LONDON-An artificial neural network that's made entirely from DNA and mimics the way the brain works has been created by scientists in the lab.
The test tube artificial intelligence can solve a classic machine learning problem by correctly identifying handwritten numbers. The work is a significant step in demonstrating the ability to program AI into man-made organic circuits, scientists claim.
This could one day lead to human-like robots made from entirely organic materials, rather than the shiny metal cybermen seen in popular culture.
Researchers hope the device will soon start forming its own 'memories', from examples added to the test tube. Their ultimate goal is to program intelligent behaviours – such as the ability to compute, make choices, and more – with artificial neural networks made from DNA. Experts at Caltech chose a task that is a classic challenge for electronic artificial neural networks, recognising handwriting.
This was one of the first tasks tackled by machine vision researchers and an ideal method to illustrate the capabilities of DNA-based neural networks
Human handwriting can vary widely, and so when a person scrutinises a scribbled sequence of numbers, the brain performs complex computational tasks in order to identify them.

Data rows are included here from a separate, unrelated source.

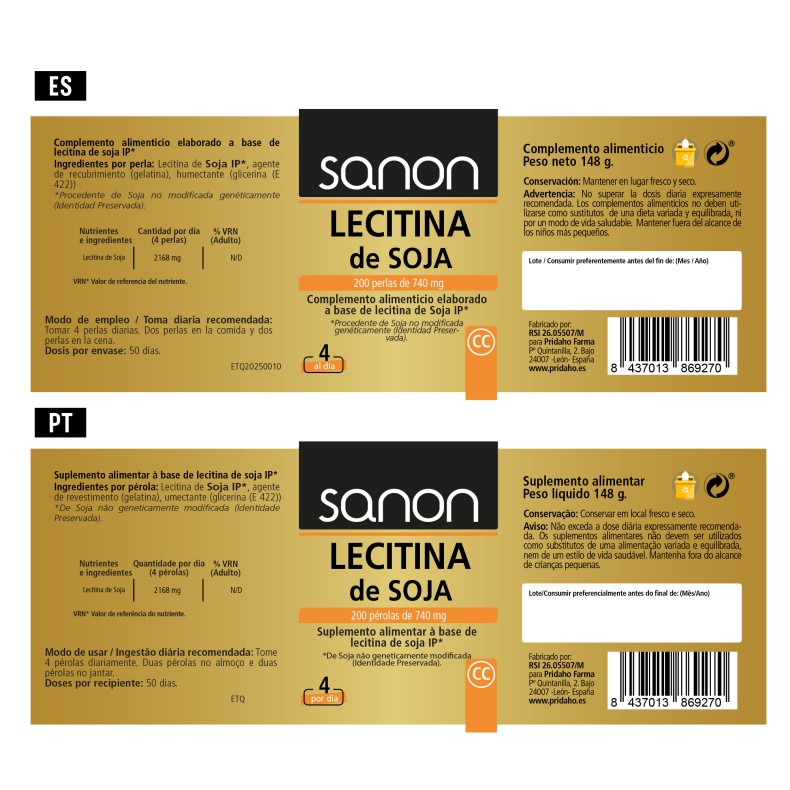 SANON Lecitina de Soja 200 perlas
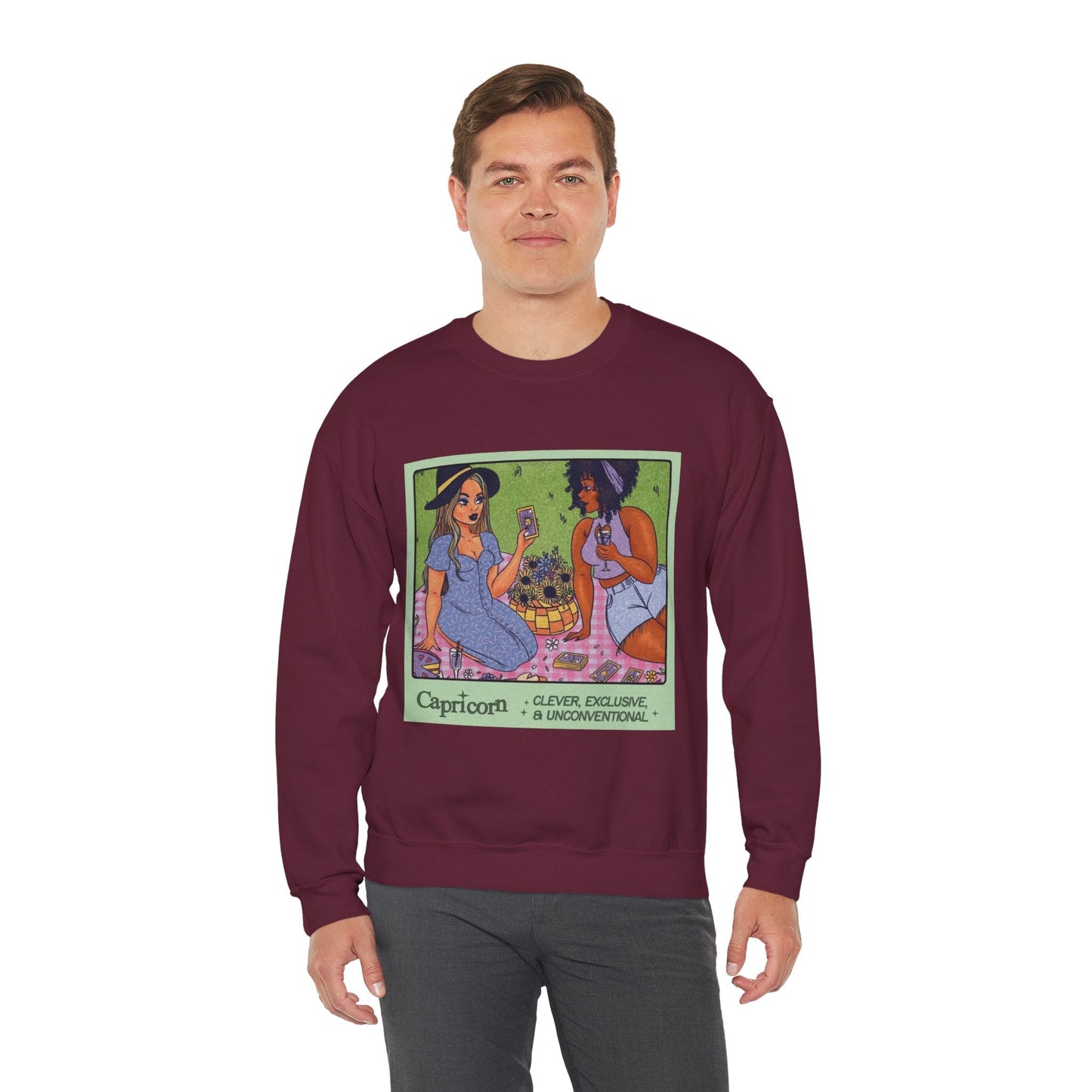 Spooky Vibes Only" Halloween Sweater Capricorn Vibes Crewneck Sweatshirt, Cozy Unisex Apparel, Astrology Gift, Casual Layering Top - Metamorphosis Creations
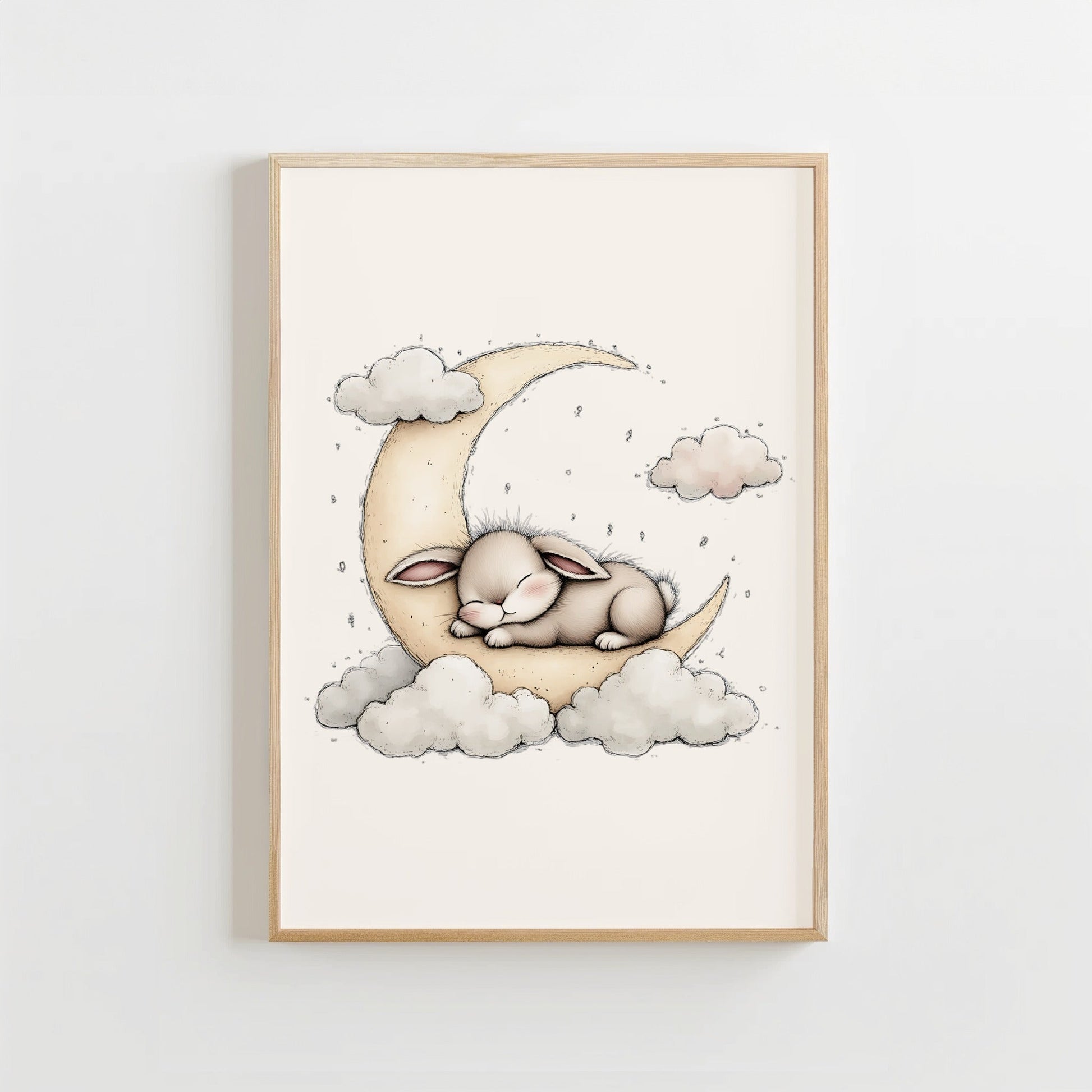 Dromend Konijn en Maan - Babykamer Poster of Canvas wanddecoratie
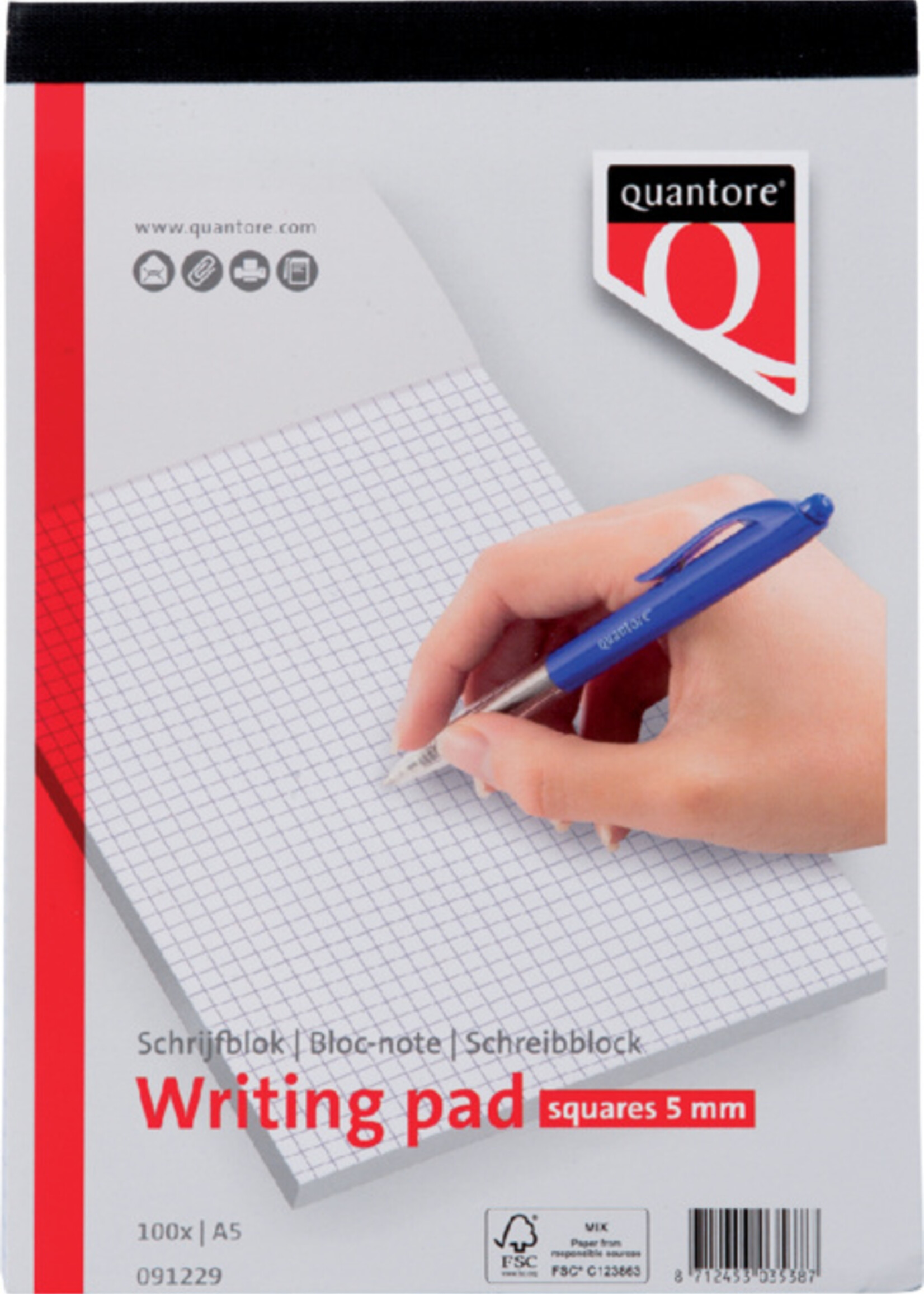 Quantore Quantore SCHRIJFBLOK A5 RUIT 5MM 60GR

Because it can be difficult even for humans to recognise one another's sloppy handwriting, identifying handwritten numbers is a common test for programming intelligence into AI neural networks. These networks must be 'taught' how to recognise numbers, account for variations in handwriting, then compare an unknown number to their so-called memories and decide the number's identity. The team demonstrated that a neural network made out of carefully designed DNA sequences could carry out chemical reactions to indicate it had correctly identified 'molecular handwriting.' When given an unknown number, this so-called 'smart soup' would undergo a series of reactions and output two fluorescent signals, for example, green and yellow to represent a five, or green and red to represent a nine.
Lead researcher Lulu Qian, assistant professor of bioengineering, said: 'Though scientists have only just begun to explore creating artificial intelligence in molecular machines, its potential is already undeniable.
'Similar to how electronic computers and smart phones have made humans more capable than a hundred years ago, artificial molecular machines could make all things made of molecules – perhaps including even paint and bandages – more capable and more responsive to the environment in the hundred years to come.'
Unlike visual handwriting that varies in geometrical shape, each example of molecular handwriting does not actually take the shape of a number.
Instead, each molecular number is made up of 20 unique DNA strands chosen from 100 molecules, each assigned to represent an individual pixel in any 10 by 10 pattern.
These DNA strands are mixed together in a test tube.
Given a particular example of molecular handwriting, the DNA neural network can classify it into up to nine categories, each representing one of the nine possible handwritten digits from 1 to 9.
First, the team built a DNA neural network to distinguish between handwritten sixes and sevens.
They then tested 36 handwritten numbers and the test tube neural network correctly identified all of them.
The system theoretically has the capability of classifying over 12,000 handwritten sixes and sevens – 90 per cent of those numbers taken from a database of handwritten numbers used widely for machine learning – into the two possibilities.